A lack of game time will surely make you a prime candidate for transfer speculation. Add to that a team's rumoured need for a player of that position, and you've got yourself a transfer rumour! |
Once it had been established that Pedro might not be happy
with his playing time at Camp Nou, and that Manchester United were open to
bringing an attacker in, it served media interests to attract United fans with
stories of Pedro and Woodward enjoying a romantic meal before the Spaniard
agreed to come to Old Trafford and bring back the glory days. Or something similar.
‘Surely a winger will make United title challengers!’
I’m sure United fans, who are by no means the first to get
carried away by such talk, thought it was on.
When it turned out United had not signed Pedro, the media
turned pretty nasty. ‘Foolish United, missing out on Pedro! Woodward’s let
another one slip through his fingers!’
I am no stranger to this as an Arsenal fan. The number of
players I’ve been told Wenger has let slip through his fingers, knowing full
well that either A) He was never in for them, or B) He decided he didn’t really
want them, is a great many.
Of course, the media has built this story up for a week now based on very little, so there is an
anger there that United have shown them up.

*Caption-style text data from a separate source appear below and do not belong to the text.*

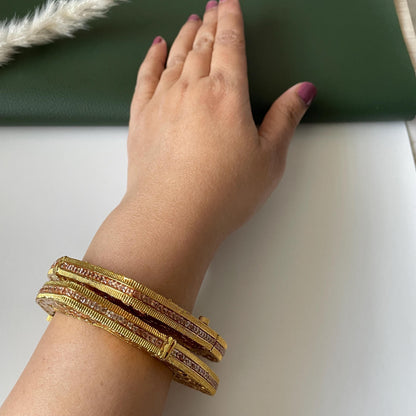 Gold Plated Triangle Bangles: Indian Jewelry, Set of 2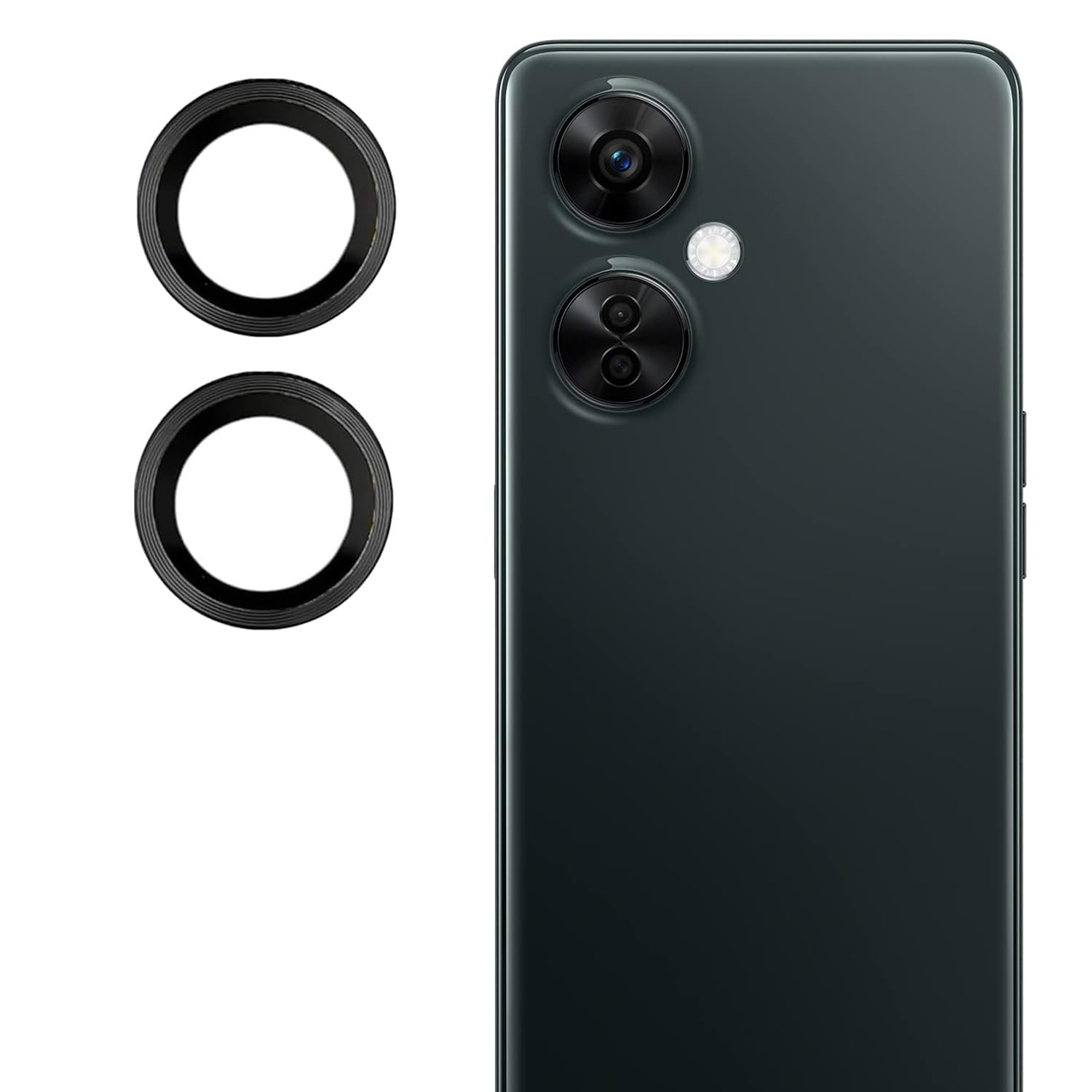 Oncraves Camera Ring Lens Protector for OnePlus Nord CE 3 Lite 5G | 9H Hardness, Full Coverage Camera Metal Ring Ultra-Thin/Clear - Black
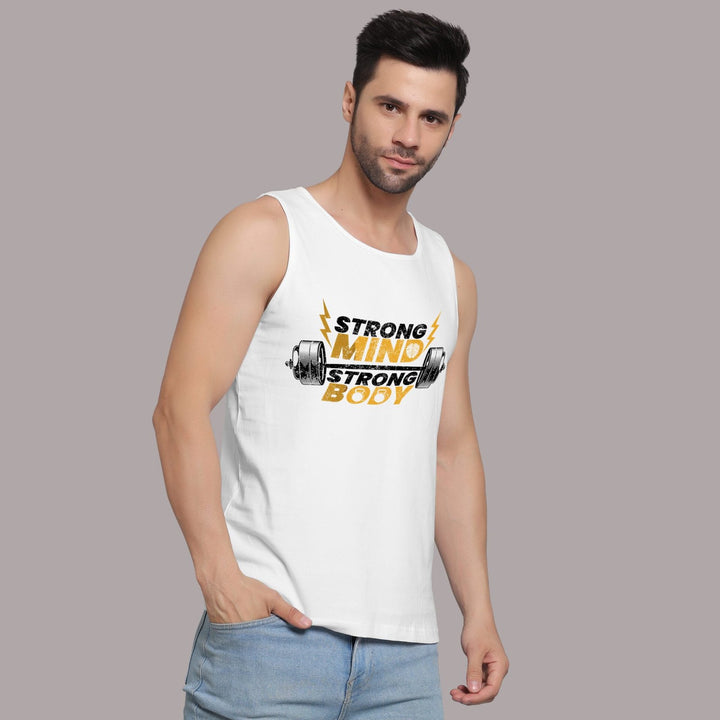 Juxar men's white athletic sleeveless gym wear tank top with strong mind strong body print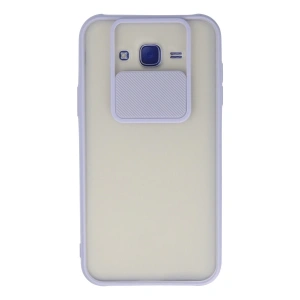 Samsung Galaxy J7 Kılıf Palm Buzlu Kamera Sürgülü Silikon - Lila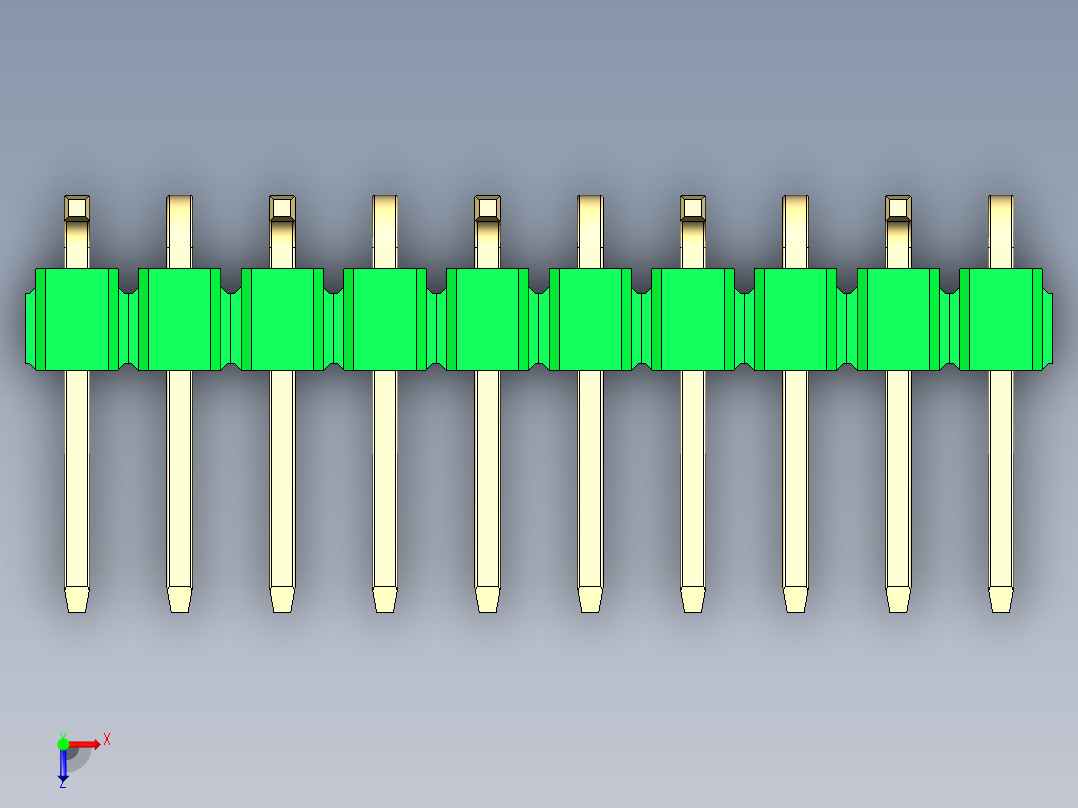 彩色公排针 100mil 2.54mm 系列-DS1022_green_10p_100mil_Type_SMT_R1_rev1.0俯视图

Ultimately, this doesn’t damage United so much as it damages their
fans.
They are the ones on Twitter, desperately searching, like
all fans, for possible transfers. They are the ones who will feel the sting of
the memes, the derision. The new brand of media outlet is the worst for this, where
vines and memes poke fun at any team depending on the prevailing wind.
Certainly it helps to be able to laugh at one’s own fortunes,
but football ‘fandoms’ are filled with those who, media outlets know only too
well, take their club very seriously. The constancy of these vines and memes, a
stream of football consciousness, serves to stir fan rivalries, and while supporters
argue armed only with bare statistics, the designers of this madness watch
as the likes and shares pour in.
It’s pretty irresponsible, but it is the perfect representation
of the internet age.
The fan-blog is therefore the saviour of the modern supporter.
Like taking refuge from dismal weather, these fan-penned websites offer the
warming embrace of honest and surprisingly self-aware assessment.
Fans are the harshest critics of their own team, but the
criticism comes from a good place. On these blogs the team’s interests are the
sole currency, rather than the ire of fans. Of course this isn’t the case for all fan blogs, but many I have come across
seem to have admirable sentiments.
I have been reading Nick Hornby’s ‘Fever Pitch’, and above
all, what struck me was the hopelessness of it all. Supporters go through so
much disappointment and joy in equal measure it is hard not to feel sympathy
for them. I don’t consider myself a hardcore supporter by any stretch. An hour
after a disappointing result I have usually simmered down, and equally I can
put a win into perspective.
But for some football means a great deal more, and to me it seems greatly unfair to emotionally manipulate a group of people made
vulnerable by an unbowed belief that things might get better.